3. Department of Periodontology, College of Dentistry, Kyung Hee University Dental Hospital, Kyung Hee University, Seoul 02447, Republic of Korea

Abstract

Chronic maxillary sinusitis accompanied by severe thickening of the sinus mucosa, blockage of the ostium, and patient-reported symptoms requires preoperative assessment and treatment by an otolaryngologist before maxillary sinus floor augmentation (MSFA). Prescription of antibiotics and nasal saline irrigation are the first choice of treatment; however, endoscopic sinus surgery is considered when the treatment’s effect is limited and drug resistance is observed. Nevertheless, MSFA performed in the presence of sinus pathologies have been reported to have favorable results when the lesions are managed properly. This report presents cases of two patients who required MSFA but were diagnosed with chronic maxillary sinusitis (case 1 with nasal sinusitis and case 2 with dental sinusitis). After 2 weeks of antibiotic therapy, endoscopic surgery was recommended due to minimal changes in the size of the sinus lesion; however, the patients refused because of improved self-reported symptoms. Therefore, intraoral surgical drainage was planned as an alternative treatment. A large bony window was prepared at the lateral wall of the maxillary sinus, and a long intentional incision was made to improve access for the suction tip in various directions and depths into the sinus cavity. Thorough suction of the purulent exudate and saline irrigation were performed through this access.
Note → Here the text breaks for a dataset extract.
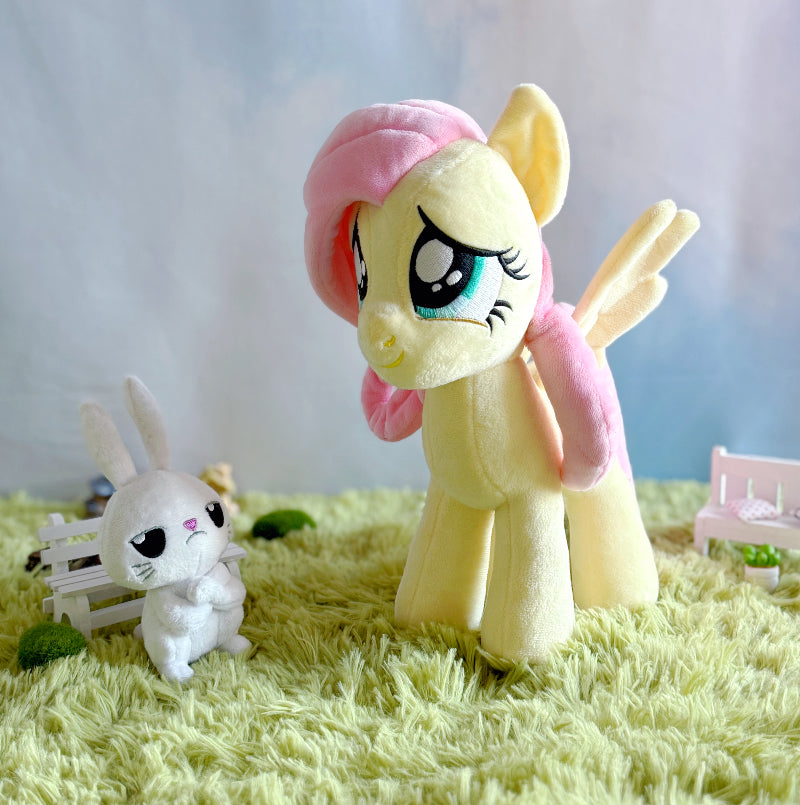 Plush toy of a pony with pink hair on a green surface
The size of the perforated area was reduced along with the elevation of the Schneiderian membrane from the sinus floor, and simultaneous bone grafting with implant placement was performed. Prosthesis was delivered after 6–8 months. At 1-year follow-up after loading, favorable outcomes of implant survival and maintenance of augmented bone height were observed, with no recurrence of postoperative sinusitis. Within the limitations of the present case report, thorough sinus drainage and saline irrigation during maxillary sinus floor augmentation resolved sinus infection in patients with chronic maxillary sinusitis with short-term clinical outcomes.